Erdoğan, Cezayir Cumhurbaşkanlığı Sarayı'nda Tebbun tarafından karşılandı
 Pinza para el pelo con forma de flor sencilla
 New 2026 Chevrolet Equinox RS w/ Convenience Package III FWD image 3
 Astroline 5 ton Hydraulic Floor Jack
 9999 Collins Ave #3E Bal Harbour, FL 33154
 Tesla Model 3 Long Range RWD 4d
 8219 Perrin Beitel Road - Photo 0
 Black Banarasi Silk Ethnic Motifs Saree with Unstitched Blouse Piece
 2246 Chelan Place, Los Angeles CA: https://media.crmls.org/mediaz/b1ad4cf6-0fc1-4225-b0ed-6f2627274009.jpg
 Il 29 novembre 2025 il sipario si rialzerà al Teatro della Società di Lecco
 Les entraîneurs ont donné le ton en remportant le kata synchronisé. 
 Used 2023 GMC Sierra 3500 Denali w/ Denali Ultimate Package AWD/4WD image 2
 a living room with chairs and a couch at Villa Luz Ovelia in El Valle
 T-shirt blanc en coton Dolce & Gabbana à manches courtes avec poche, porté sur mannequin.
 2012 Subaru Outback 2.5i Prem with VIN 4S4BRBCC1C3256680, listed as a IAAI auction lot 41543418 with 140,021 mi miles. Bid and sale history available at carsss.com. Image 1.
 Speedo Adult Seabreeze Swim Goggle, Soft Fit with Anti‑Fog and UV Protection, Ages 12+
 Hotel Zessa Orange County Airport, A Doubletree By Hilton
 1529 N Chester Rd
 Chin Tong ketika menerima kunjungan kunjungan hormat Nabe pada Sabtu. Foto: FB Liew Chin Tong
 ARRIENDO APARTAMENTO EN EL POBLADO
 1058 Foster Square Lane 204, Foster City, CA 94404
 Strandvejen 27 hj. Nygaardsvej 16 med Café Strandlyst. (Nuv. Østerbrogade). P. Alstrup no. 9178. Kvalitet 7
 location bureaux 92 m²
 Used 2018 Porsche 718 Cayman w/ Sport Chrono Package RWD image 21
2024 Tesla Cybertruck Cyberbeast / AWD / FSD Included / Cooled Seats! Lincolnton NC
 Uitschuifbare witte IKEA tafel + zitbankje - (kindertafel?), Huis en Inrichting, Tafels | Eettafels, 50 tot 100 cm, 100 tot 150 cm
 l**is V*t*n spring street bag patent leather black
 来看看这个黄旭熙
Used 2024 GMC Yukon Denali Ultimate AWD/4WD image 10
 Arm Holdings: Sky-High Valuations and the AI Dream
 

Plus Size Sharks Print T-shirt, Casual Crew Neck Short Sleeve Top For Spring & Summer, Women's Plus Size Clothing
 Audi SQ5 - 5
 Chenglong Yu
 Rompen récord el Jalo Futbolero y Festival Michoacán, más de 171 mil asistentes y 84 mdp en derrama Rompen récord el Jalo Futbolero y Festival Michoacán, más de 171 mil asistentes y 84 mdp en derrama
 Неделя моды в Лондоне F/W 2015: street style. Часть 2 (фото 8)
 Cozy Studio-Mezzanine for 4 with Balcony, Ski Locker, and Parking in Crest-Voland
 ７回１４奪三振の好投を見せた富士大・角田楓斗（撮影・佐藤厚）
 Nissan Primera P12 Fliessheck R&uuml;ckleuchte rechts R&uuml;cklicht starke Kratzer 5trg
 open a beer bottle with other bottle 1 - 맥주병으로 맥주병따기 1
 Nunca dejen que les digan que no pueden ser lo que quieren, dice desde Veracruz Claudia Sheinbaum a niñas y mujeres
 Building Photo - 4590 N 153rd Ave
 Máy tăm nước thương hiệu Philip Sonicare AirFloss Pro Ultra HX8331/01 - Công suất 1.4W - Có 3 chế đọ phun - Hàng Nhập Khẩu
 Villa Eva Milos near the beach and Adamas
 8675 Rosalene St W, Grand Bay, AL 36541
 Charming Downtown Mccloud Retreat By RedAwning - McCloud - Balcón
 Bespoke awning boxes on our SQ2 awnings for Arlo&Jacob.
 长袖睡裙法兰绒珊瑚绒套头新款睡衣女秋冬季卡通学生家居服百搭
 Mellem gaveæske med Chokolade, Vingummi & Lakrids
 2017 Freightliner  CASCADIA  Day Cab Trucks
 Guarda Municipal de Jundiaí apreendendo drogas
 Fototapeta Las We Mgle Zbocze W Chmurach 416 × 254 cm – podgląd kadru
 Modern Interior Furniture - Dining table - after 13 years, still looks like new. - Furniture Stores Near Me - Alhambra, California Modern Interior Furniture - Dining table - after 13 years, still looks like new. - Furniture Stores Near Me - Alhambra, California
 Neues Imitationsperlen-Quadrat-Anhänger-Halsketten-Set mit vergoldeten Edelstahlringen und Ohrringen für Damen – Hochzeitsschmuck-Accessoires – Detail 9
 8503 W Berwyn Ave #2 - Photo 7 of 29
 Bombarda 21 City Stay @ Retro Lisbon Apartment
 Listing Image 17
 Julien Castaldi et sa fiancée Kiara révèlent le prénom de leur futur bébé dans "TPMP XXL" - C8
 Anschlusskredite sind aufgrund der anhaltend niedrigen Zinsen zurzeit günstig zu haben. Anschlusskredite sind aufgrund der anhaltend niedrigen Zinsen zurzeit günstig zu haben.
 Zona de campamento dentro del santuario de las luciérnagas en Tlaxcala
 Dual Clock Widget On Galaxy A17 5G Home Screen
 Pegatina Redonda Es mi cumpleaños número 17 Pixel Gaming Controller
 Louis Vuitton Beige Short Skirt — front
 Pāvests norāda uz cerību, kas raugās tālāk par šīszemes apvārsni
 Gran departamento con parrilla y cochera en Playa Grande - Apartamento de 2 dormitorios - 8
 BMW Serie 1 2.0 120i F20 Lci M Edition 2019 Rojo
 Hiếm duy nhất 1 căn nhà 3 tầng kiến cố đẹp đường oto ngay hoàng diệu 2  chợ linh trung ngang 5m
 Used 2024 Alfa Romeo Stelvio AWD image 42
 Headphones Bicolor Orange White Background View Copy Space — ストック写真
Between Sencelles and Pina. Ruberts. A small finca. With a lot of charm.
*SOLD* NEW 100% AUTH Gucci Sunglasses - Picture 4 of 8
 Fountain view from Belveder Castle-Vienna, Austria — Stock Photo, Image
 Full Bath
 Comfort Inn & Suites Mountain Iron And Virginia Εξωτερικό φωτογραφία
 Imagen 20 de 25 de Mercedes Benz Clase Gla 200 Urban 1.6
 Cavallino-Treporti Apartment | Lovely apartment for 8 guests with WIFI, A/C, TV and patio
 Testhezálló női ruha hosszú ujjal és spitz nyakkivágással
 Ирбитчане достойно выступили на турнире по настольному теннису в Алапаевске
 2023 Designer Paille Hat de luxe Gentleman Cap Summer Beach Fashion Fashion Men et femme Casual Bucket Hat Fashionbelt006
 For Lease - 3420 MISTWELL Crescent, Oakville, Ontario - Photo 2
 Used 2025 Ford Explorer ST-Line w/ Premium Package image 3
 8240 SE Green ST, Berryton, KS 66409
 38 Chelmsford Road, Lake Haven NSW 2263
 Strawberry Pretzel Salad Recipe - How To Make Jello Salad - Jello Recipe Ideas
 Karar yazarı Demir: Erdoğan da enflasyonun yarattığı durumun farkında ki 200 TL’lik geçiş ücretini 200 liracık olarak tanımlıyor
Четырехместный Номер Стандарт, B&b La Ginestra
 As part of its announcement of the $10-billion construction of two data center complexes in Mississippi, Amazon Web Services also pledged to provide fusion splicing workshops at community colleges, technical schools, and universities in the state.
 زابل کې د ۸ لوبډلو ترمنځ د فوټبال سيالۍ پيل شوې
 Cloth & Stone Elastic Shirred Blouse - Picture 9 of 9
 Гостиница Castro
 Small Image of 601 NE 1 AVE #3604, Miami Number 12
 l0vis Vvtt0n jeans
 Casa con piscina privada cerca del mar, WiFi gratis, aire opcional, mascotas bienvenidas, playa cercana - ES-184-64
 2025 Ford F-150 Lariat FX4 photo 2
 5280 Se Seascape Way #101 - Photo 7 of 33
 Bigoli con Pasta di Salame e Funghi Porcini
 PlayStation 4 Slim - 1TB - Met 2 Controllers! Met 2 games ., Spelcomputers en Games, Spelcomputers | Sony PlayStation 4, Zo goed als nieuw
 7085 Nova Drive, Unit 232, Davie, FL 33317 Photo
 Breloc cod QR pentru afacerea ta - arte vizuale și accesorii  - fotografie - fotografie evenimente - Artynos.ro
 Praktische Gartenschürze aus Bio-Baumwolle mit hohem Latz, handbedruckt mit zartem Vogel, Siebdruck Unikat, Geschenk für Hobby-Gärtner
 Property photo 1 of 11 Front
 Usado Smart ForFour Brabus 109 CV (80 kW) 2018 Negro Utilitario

Exercise directions →
In the records above, find the lines containing "Casual" and copy them.

Exercise result →
Plus Size Sharks Print T-shirt, Casual Crew Neck Short Sleeve Top For Spring & Summer, Women's Plus Size Clothing
 2023 Designer Paille Hat de luxe Gentleman Cap Summer Beach Fashion Fashion Men et femme Casual Bucket Hat Fashionbelt006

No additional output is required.